Most people don't want to pay for anything. Look at all of the workarounds for news sites. I try to pay or donate for most of what I use but there seem to be a lot of people who want to get everything for free.
I totally won't mind paying for the occasional article I open, if micropayments were a thing! Pay a quarter, read something worthy.
The problem is that micropayments are not interesting for most news outlets: the friction of current solutions is high, the resulting revenue stream, unsteady. Monthly / yearly subscriptions bring a better revenue stream, and cost way less.
If micropayments were indeed zero-friction, and effectively zero-cost, maybe they'd be (reluctantly) integrated.
My experience w/ most news outlets is that they have a random article I'm linked to. That's not worth a subscription in my mind. A news service you have an ongoing relationship with is.
I'm deeply disturbed of this normalization of software as a subscription service. I want the return of good old days when people could pay once for their software and use it in perpetuity.
This is not a subscription to use the browser. You can always build it from source and use for free, as designed.
This is a commitment to support the development, because the development should be oingoing. Not Netflix-style, but Patreon-style.
(Also see how JetBrains handles "subscriptions" to their closed-source software. Once you've paid, the version is forever yours. Updates are bought with some additional sums if desired.)
I hate the "subscriptionification" of everything as much as anybody, but there is a cost to ongoing updates to software. Especially on something like a browser, where both standards and exceptional behavior contrary to the standards change rapidly.
Maybe we could go back to where people paid once and could pay separately for support?
subscription is a significantly fairer revenue model for software which undergoes regular upgrades and has support, which is most software nowadays.
It makes sure that people who continue to use continue to pay. Upfront charges are often either too low with long term users free-riding or too high, in case the project is abandoned. Subscription makes it much more likely to price products correctly.
Leaving nonpaying users on old versions on browsers with security issues and who will no longer support the latest web standards will be bad for the web.
If users want to stay on an old version, why shouldn't they be allowed to? Sure, there may be additional security considerations or missing functionality, but there's nothing wrong with a user making that choice.

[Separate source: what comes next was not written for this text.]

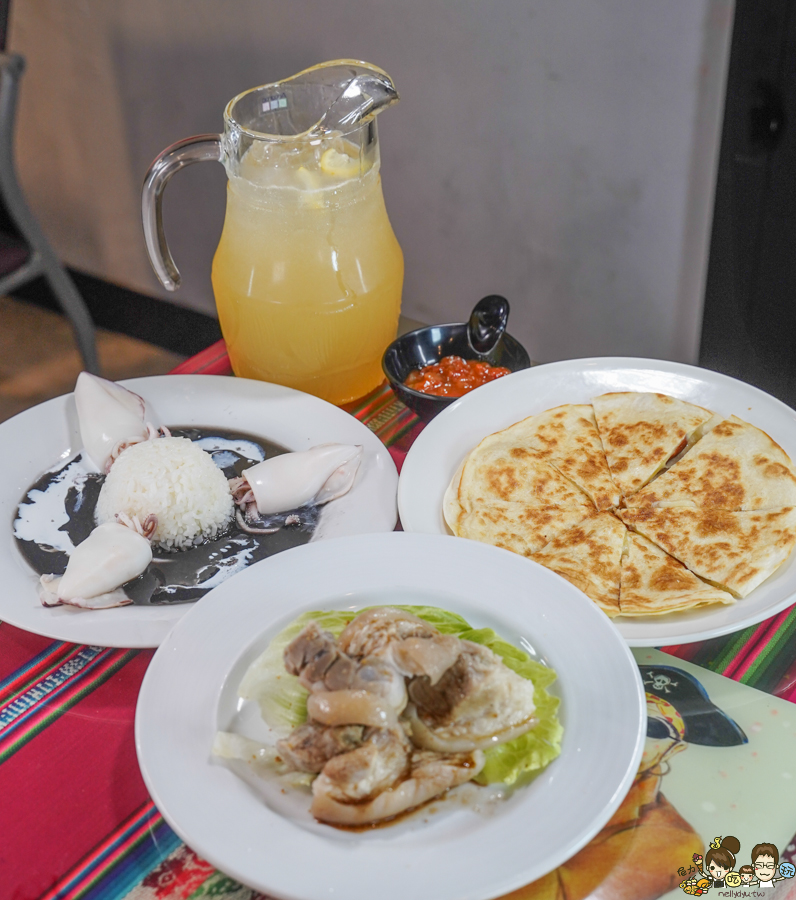 黛麗莎拉丁美洲西班牙餐廳 高雄美食 鹽埕美食 異國 聚餐 包場 約會 慶生 聚會 特色 獨家 拉丁美食 獨家 墨魚飯 烤全雞 烤豬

This model gets implemented, and then the comments section is littered with "I prefer when I didn't need to pay for software upgrades and backward compatibility!"
Yeah, people can get irrational about such things (like ignoring that they're only paying when they choose to rather than paying every month automatically).

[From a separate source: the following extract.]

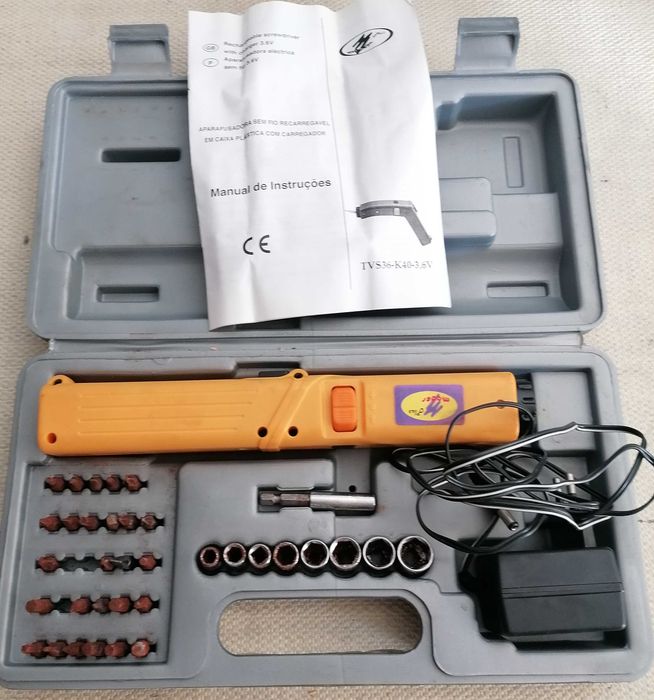 Aparafuzadora MADER, funcional, com kit de peças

But the solution to this is to offer both forms, as several companies do.
Of all the types of software where you should be ok paying a subscription, browsers are the ones where should be most ok with it. Browsers, more than anything else, need constant updates because they're by far the biggest and juiciest attack surface for hackers, and also web devs will just stop supporting you if you're not on top of the treadmill of browser standard updates.
It's not feasible at all to call a browser "done" and leave it alone, so if you want one that's independent from adtech, a subscription is kind of your only option.
I remember the forced obsolescence. There were a few good software packages but many would frequently force you to upgrade from version 12.31 to 13.0 which isn't backward compatible i.e., "This software doesn't run on Windows XP"
At least with Microsoft, they are fanatics about backwards compatibility. It is pretty
rare for something designed for an OS prior to Windows XP
to not run on current Windows OS versions.